CI and CD: A Brief Introduction

Updated: Jan 28

Continuous Integration and its younger cousin, Continuous Delivery, are the bread and butter of any modern Software Development process. Here are the basics of what you should know about them.

"None of us, including me, ever do great things. But we can all do small things, with great love, and together we can do something wonderful." - Mother Teresa

Continuous Integration

The source code that makes up any software typically resides in a source control system such as Subversion or Git. A source control system enables developers to check out the code, make changes to it, and submit their changes when they are ready.

Continuous Integration is a process by which changes to code are committed as often as possible (hence the term Continuous). Following such a practice has the added side effect of encouraging work items to be broken down into small, independently testable and verifiable changes.
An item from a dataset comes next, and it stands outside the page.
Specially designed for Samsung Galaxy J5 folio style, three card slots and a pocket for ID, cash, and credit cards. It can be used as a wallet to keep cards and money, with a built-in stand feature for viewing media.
This encourages a practice that is Agile in nature.

Continuous Integration also encourages frequent testing of work. The smaller the change is, the easier it is to review and to test. It is also easier to write complete tests for code that is focused on a small change. All of these factors reduce the likelihood of bugs making their way into production.

The use of a distributed source control system such as Git is more prevalent than a centralised one such as Subversion, due to the numerous advantages it offers. In a distributed source control system, developers can commit their changes into their own local branch before pushing their branch onto the server for build and code review, after which their branch will be merged into the main branch. This encourages more frequent commits locally before the work is cleaned up (or 're-based') and pushed.

Regardless of which source control system you use, a general workflow is required where committed code is

  1. built

  2. tested

  3. reviewed

  4. approved

These four stages must be complete before the committed code becomes part of the main codebase (the Integration aspect of CI) and then released into production, unless of course the change was rejected for some reason.

Stages 1 and 2 are always automated. Stage 2 here refers to the execution of unit tests and not QA testing. Sometimes this is part of the build process (i.e.) the build fails if one or more tests fail.

A CI server such as Jenkins or Circle CI (among others) is used to build the committed code, execute the test harness, and optionally generate one or more artifacts. For example, for a Java application, the artifact is typically a jar file or a war file.

If the code fails to compile or if there are failing tests, then the CI server indicates that this is the case and it is the responsibility of the person who committed the code to fix it. The developer, of course, should not be relying on the CI server to identify code that does not compile or is failing tests. These should be identified locally via a regular sync / build / test cycle. The less inertia a developer experiences in refreshing their local branch, running builds and tests, the more often the developer is likely to do these things and identify issues early in the development cycle.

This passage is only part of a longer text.